• **Activity**
Below are records with pictures. Transcribe exactly, and only, the lines from the line with "Fir branches and" to the line with "X0000093121005200710241258", both ends included, but not the pictures.
Top of Supplied data
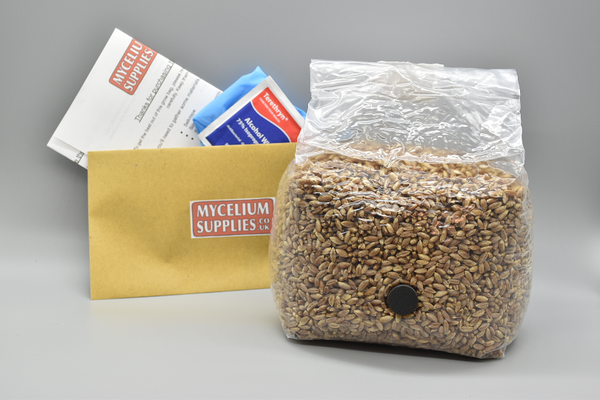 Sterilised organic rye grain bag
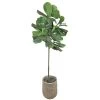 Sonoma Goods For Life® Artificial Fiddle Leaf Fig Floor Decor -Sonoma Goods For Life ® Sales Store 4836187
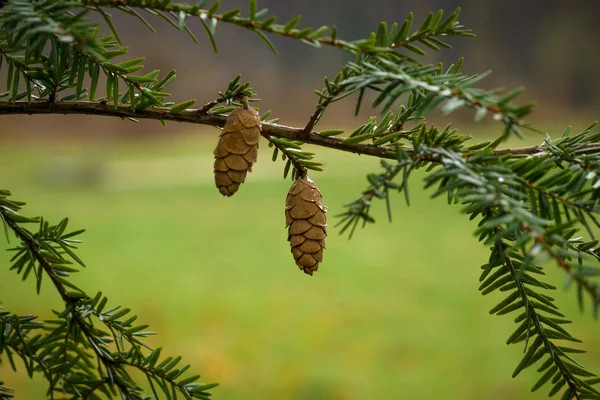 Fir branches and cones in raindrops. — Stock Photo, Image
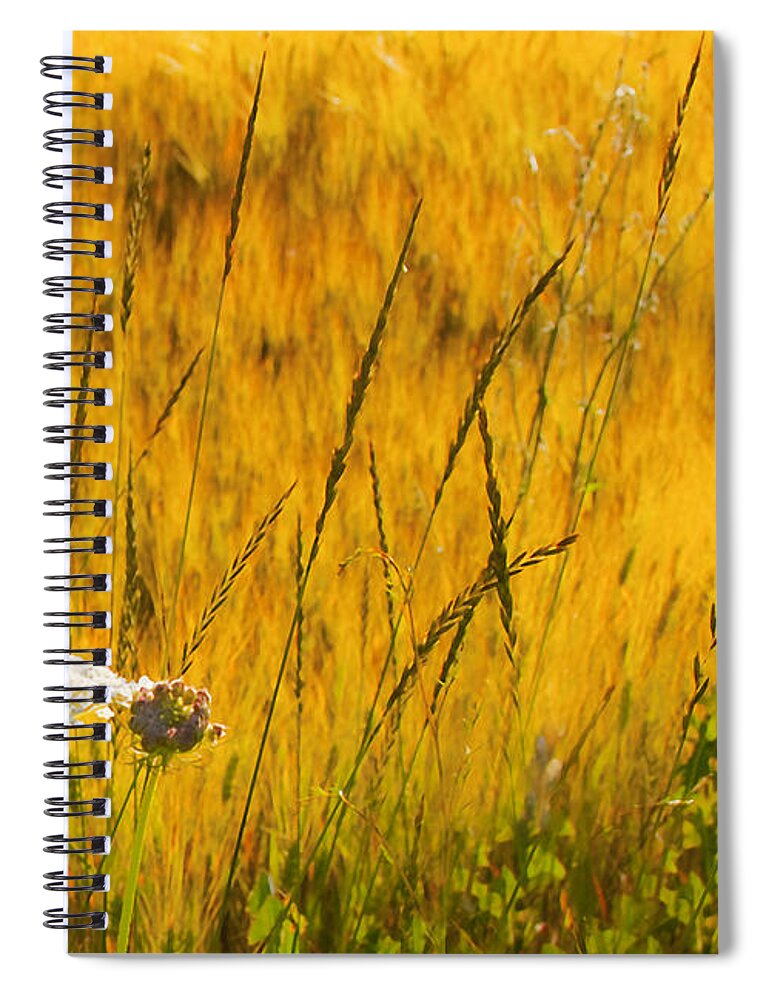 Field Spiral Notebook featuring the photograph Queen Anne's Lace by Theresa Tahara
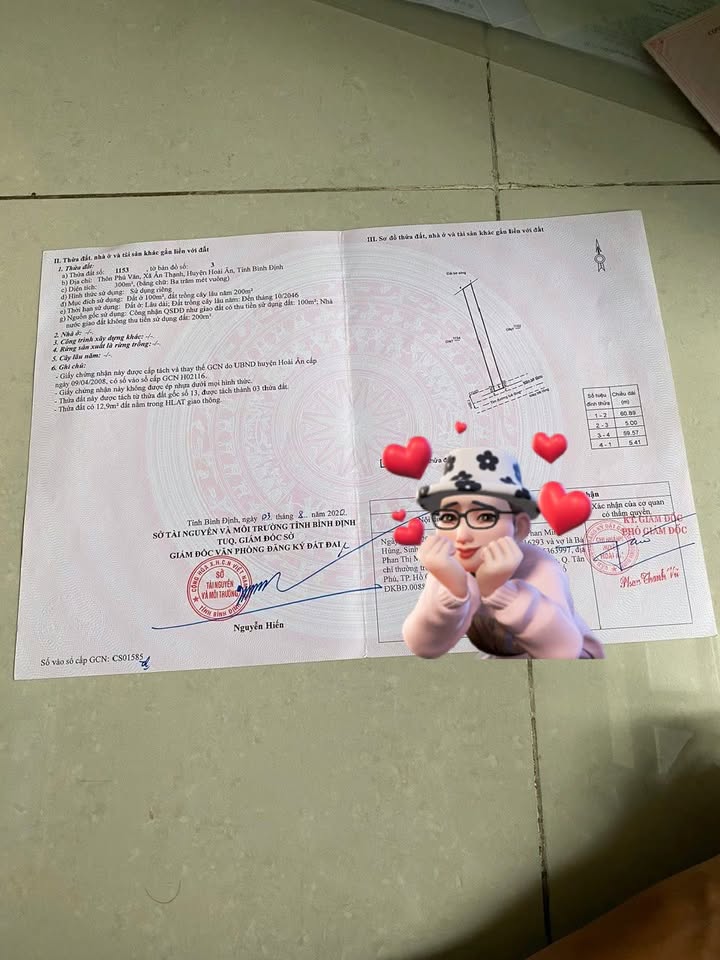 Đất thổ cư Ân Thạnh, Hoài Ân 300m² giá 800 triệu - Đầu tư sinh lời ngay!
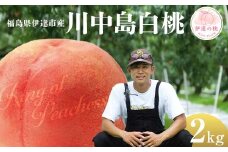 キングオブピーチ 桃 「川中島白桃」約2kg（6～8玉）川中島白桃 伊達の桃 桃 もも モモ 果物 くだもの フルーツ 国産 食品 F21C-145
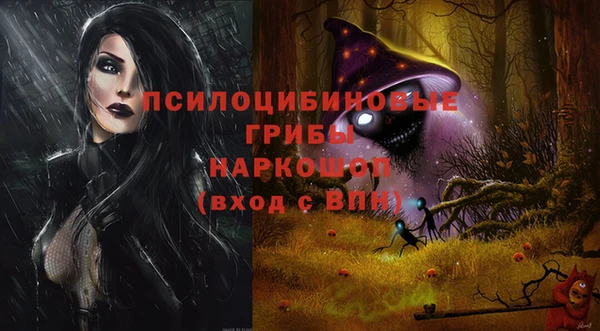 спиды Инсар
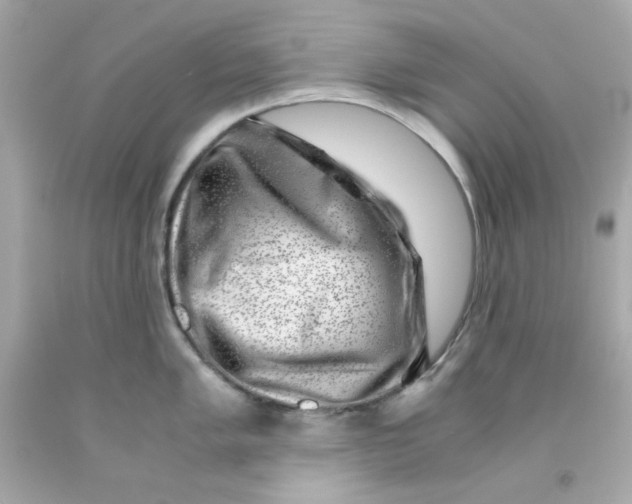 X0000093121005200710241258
Bottom of Supplied data
Top of Supplied data
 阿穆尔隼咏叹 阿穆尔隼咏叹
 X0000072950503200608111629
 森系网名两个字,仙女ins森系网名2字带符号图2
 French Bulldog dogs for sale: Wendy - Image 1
Bottom of Supplied data
• **Output**
 Fir branches and cones in raindrops. — Stock Photo, Image
 Field Spiral Notebook featuring the photograph Queen Anne's Lace by Theresa Tahara
 Đất thổ cư Ân Thạnh, Hoài Ân 300m² giá 800 triệu - Đầu tư sinh lời ngay!
 キングオブピーチ 桃 「川中島白桃」約2kg（6～8玉）川中島白桃 伊達の桃 桃 もも モモ 果物 くだもの フルーツ 国産 食品 F21C-145
 спиды Инсар
 X0000093121005200710241258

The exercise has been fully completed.